*** DATA BLOCK Section Begins ***

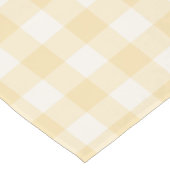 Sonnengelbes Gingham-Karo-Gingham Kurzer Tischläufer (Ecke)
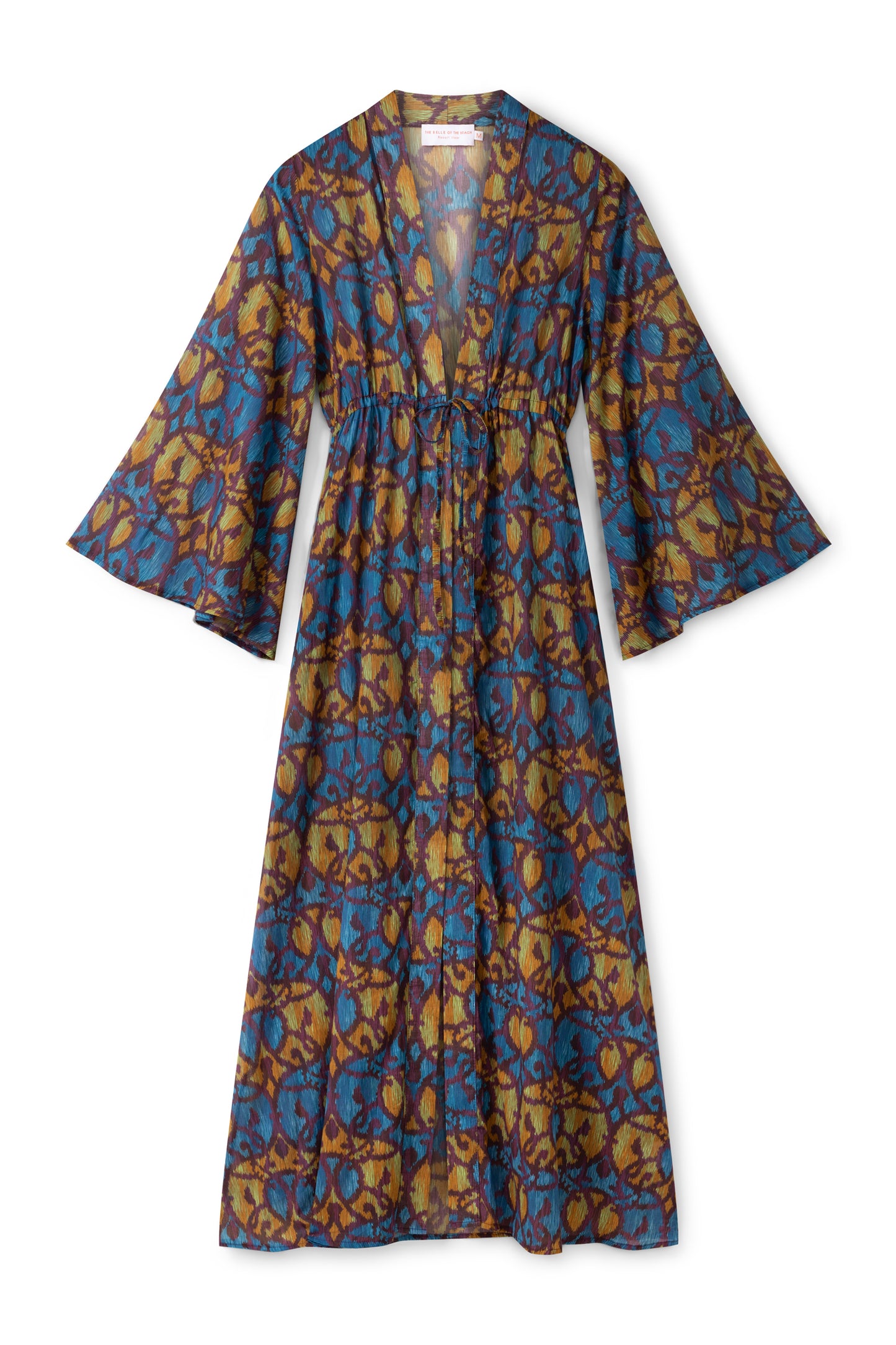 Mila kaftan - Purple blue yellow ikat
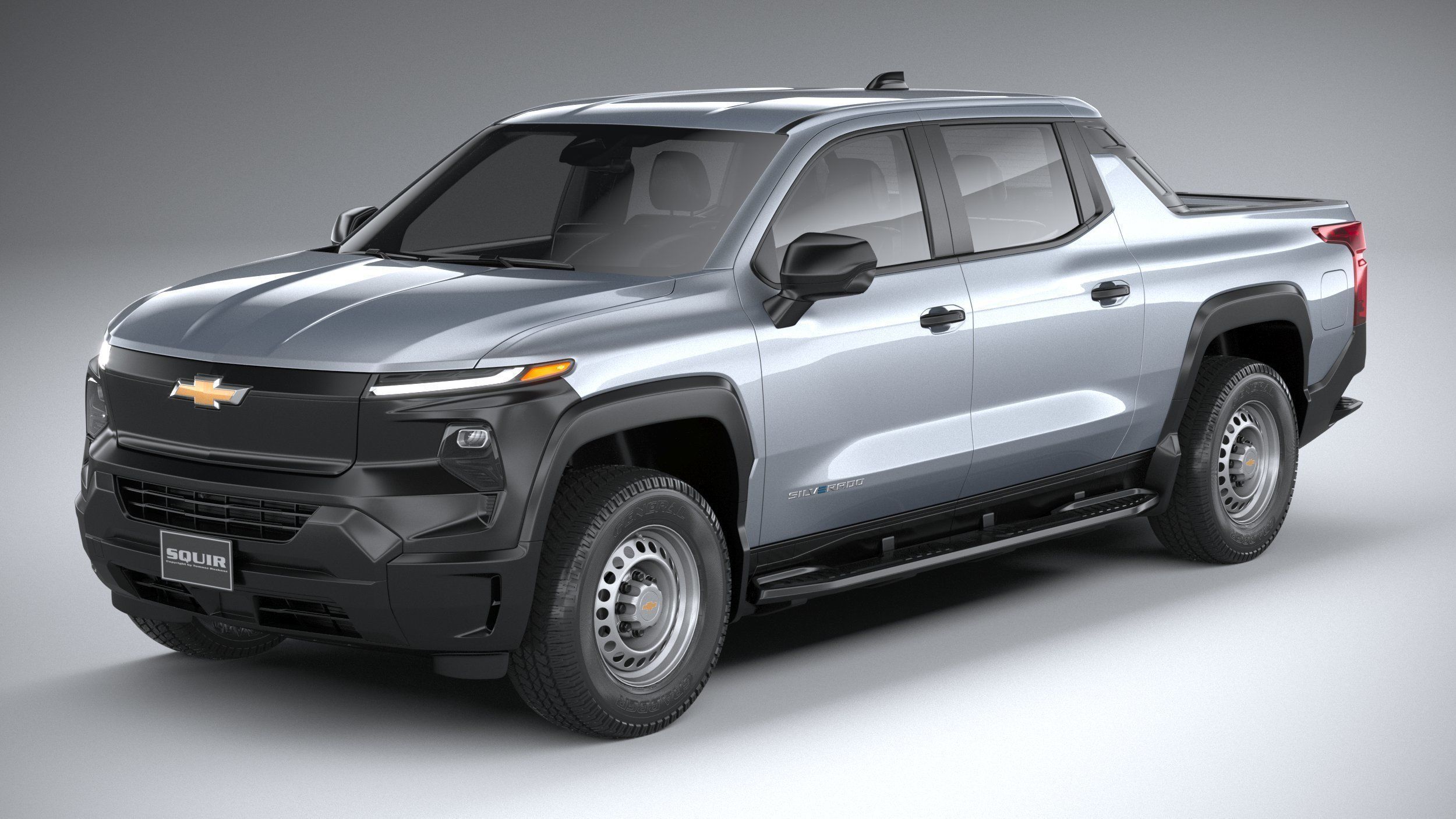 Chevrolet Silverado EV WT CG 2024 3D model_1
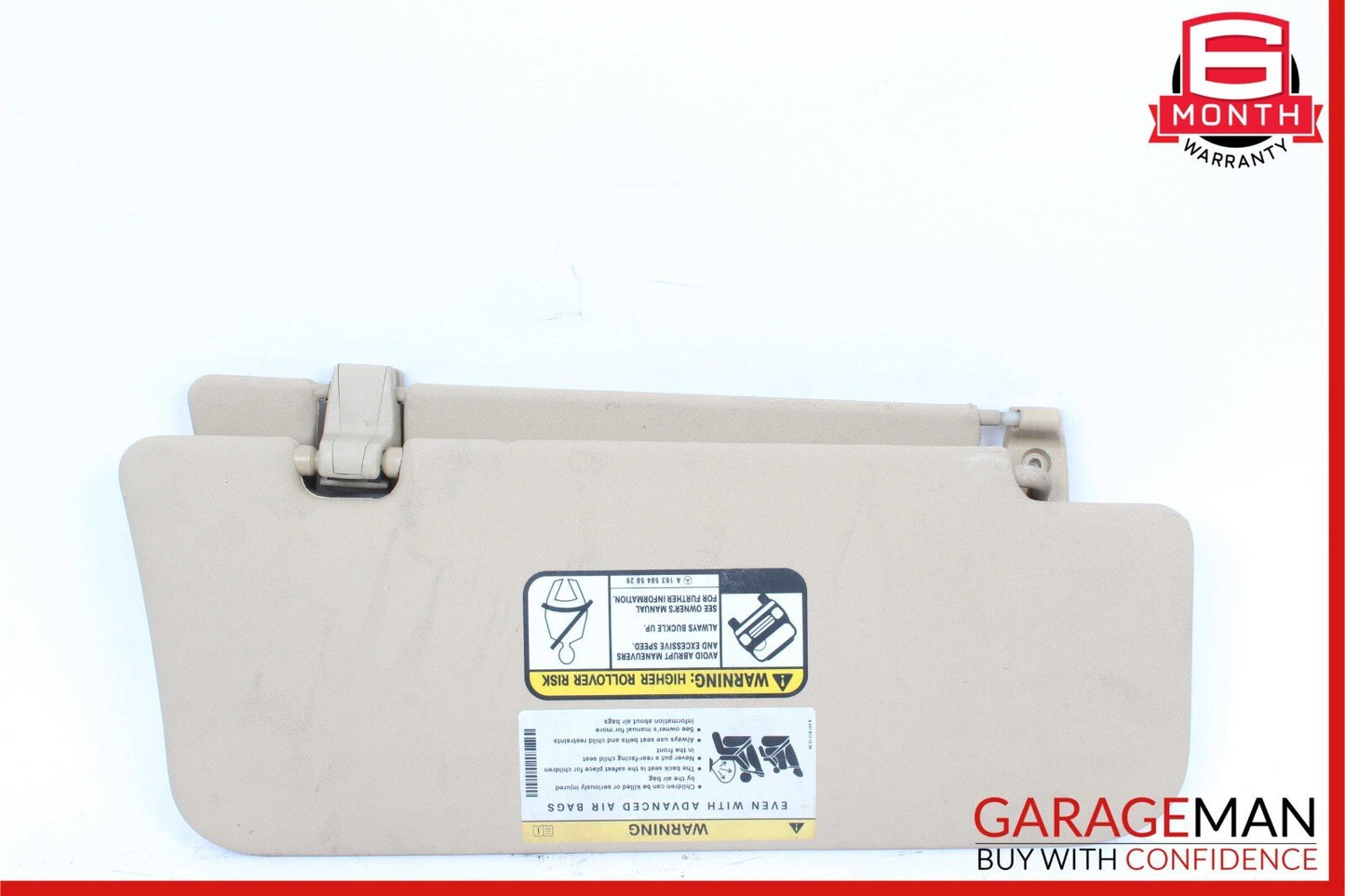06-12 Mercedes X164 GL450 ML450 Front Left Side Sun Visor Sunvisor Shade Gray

*** DATA BLOCK Section Ends ***

EXERCISE PROMPT: Restate all the material verbatim; omit every picture.

RESPONSE BOX:
 Sonnengelbes Gingham-Karo-Gingham Kurzer Tischläufer (Ecke)
 Mila kaftan - Purple blue yellow ikat
 Chevrolet Silverado EV WT CG 2024 3D model_1
06-12 Mercedes X164 GL450 ML450 Front Left Side Sun Visor Sunvisor Shade Gray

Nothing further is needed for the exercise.